Movement is most efficient when muscles can lengthen completely. Stretching offers one way to train and maintain normal muscle length. Strengthening opposing muscle groups is another strategy. There are a group of climbers who stretch more than necessary. This is okay, but their time may be better spent. The next paragraph describes a simple self-test for the finger flexor muscles to help guide your stretching program.
You will need a pencil, a wall and a tape measurer. Stand facing the wall.
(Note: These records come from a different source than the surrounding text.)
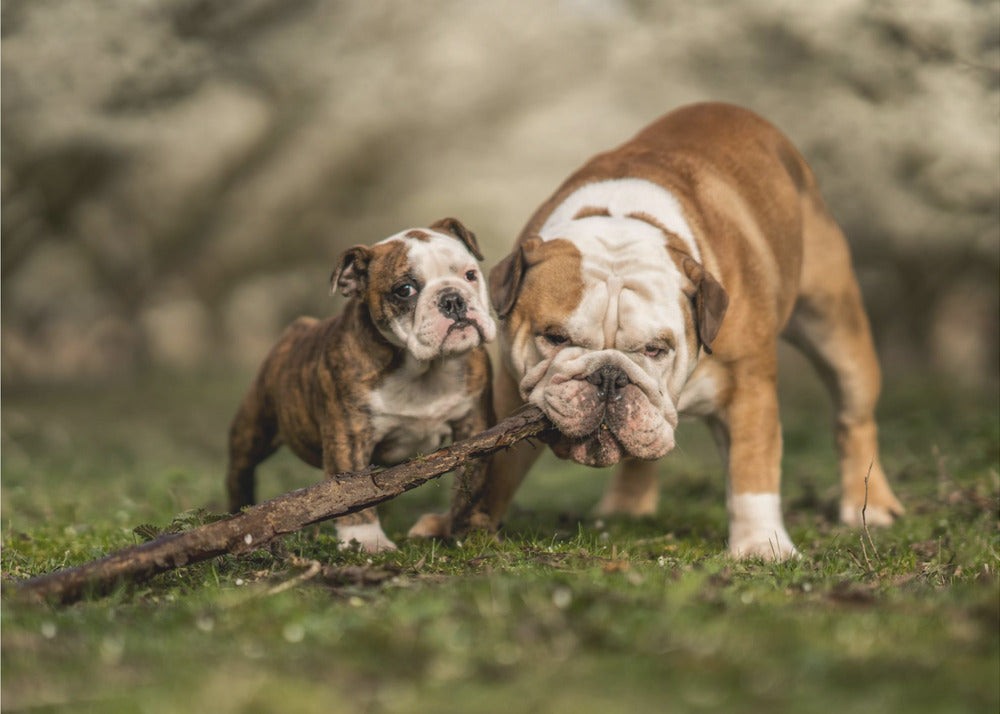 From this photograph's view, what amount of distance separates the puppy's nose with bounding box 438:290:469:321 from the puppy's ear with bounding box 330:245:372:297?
0.45 meters

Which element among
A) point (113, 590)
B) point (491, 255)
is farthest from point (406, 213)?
point (113, 590)

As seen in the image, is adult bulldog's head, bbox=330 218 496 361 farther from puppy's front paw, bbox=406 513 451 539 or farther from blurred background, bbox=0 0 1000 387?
blurred background, bbox=0 0 1000 387

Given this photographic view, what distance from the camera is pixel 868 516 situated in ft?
20.4

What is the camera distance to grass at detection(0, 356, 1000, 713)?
7.56 ft

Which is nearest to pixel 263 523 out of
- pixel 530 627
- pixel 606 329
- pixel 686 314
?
pixel 530 627

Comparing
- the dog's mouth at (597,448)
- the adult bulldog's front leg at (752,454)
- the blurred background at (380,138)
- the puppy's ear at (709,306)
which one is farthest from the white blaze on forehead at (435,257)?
the blurred background at (380,138)

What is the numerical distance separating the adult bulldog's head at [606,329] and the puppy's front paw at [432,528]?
2.68 feet

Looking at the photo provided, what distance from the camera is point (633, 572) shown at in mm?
3443

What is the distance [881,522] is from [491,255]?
10.9m

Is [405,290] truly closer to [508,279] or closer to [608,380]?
[508,279]

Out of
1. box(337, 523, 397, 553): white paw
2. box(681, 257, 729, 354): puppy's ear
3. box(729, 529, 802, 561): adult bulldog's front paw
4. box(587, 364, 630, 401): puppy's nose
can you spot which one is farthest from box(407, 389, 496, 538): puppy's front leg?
box(729, 529, 802, 561): adult bulldog's front paw

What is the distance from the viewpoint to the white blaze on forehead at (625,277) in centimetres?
436

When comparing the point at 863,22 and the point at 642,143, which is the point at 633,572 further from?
the point at 863,22

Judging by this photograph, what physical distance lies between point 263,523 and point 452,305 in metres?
1.22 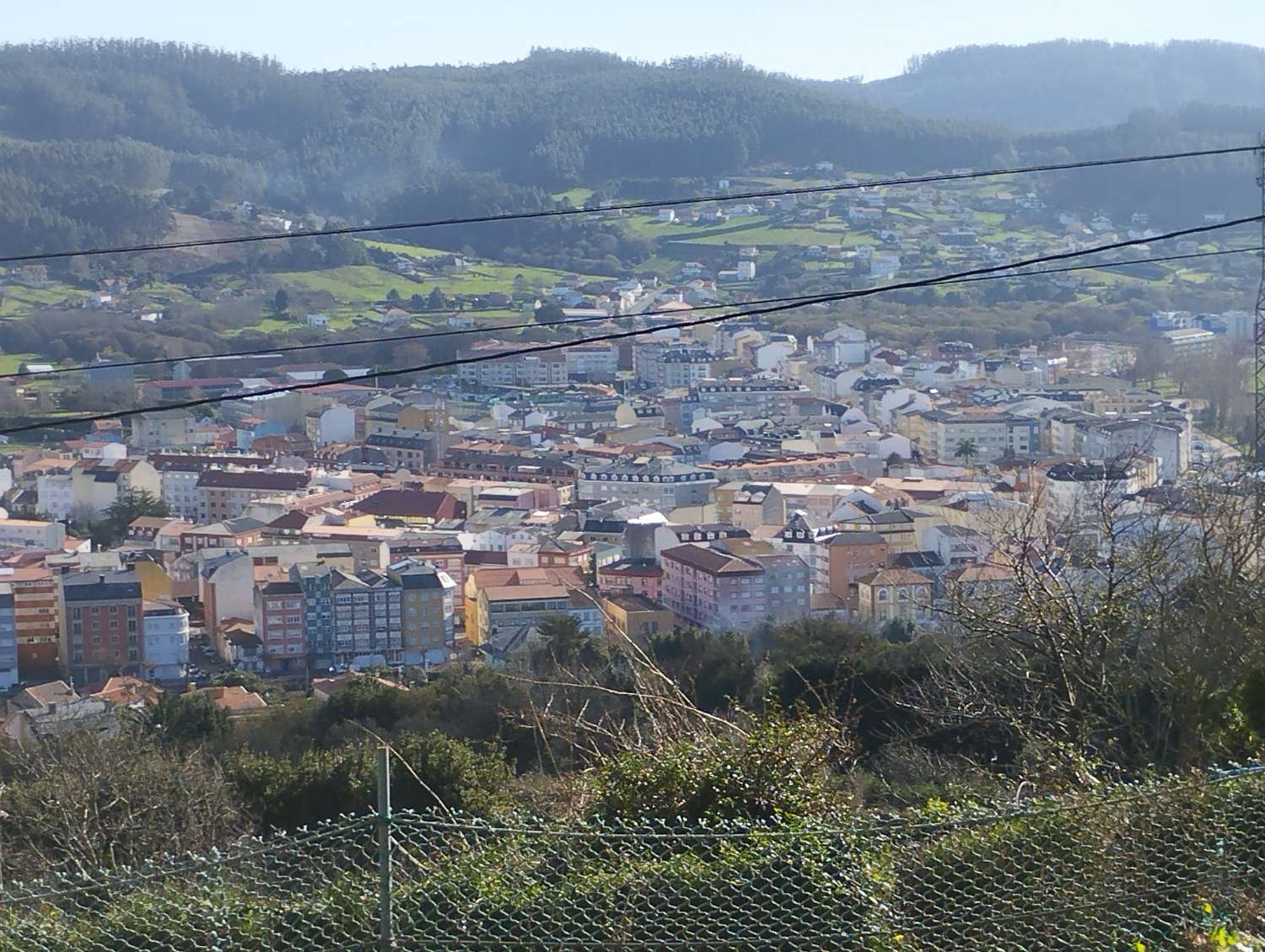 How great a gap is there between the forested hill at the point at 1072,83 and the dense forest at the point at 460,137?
0.56 m

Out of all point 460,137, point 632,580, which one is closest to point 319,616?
point 632,580

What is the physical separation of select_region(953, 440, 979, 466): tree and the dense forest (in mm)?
16743

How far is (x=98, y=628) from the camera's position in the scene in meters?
13.9

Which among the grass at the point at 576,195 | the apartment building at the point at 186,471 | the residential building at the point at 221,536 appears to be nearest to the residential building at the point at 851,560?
the residential building at the point at 221,536

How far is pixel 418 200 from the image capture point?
42.8 metres

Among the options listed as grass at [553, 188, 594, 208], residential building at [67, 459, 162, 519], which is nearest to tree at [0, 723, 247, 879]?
residential building at [67, 459, 162, 519]

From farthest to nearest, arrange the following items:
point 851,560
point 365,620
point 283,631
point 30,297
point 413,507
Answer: point 30,297 < point 413,507 < point 851,560 < point 365,620 < point 283,631

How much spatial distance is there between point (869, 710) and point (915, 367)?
24663 millimetres

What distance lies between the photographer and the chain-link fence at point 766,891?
6.19ft

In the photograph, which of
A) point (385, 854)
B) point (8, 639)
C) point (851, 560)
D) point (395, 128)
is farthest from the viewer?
point (395, 128)

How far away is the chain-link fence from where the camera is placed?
1.89 metres

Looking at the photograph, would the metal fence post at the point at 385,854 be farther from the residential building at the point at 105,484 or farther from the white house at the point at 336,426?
the white house at the point at 336,426

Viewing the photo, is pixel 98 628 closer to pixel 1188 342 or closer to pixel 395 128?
pixel 1188 342

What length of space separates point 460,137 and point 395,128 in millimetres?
2078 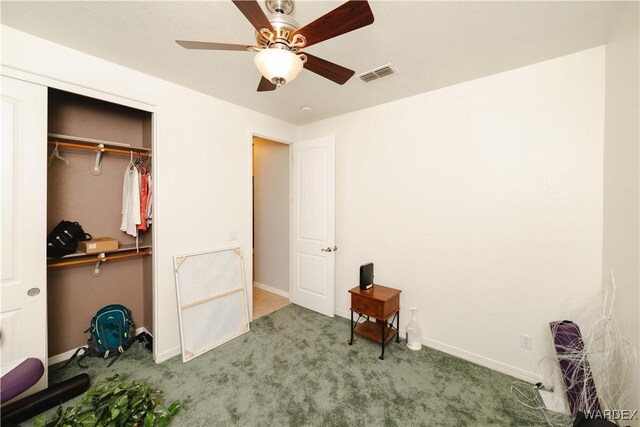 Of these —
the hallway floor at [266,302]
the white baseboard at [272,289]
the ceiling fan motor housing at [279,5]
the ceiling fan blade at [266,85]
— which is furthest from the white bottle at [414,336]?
the ceiling fan motor housing at [279,5]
Choose a starting hand. Put your palm flat on the wall, fingertips facing down. Here is a guide to help you get a reliable test result: palm flat, fingers pointing straight down, elbow straight, elbow fold pointing upward, arm perpendicular to the wall and shoulder down. Move your hand up the wall, keeping to the guide. Eventually, you will get to a point where the stretch is intense and your palm will begin to peel off the wall. You want to stop when you can only just keep your palm flat while maintaining the other points in the guide. Use the pencil to mark the wall at the tip of your middle finger. Before you take your hand off the wall, note how close your arm is to being level. Take your hand off the wall and measure from the mark to the floor. Repeat on the other side.
A rough goal is for your arm to be near level. Most of the time your side-to-side difference should be less than 10% as measured to the floor. It is important to recognise that your body is naturally asymmetrical. The 10% rule is one method to allow for normal side-to-side differences. It is not perfect, but useful.
You can use the test position as an effective stretch, or Google ‘climbing forearm stretches’. Just make sure you critique your sources.
Keeping your forearms strong and flexible will help you climb better and comfortably.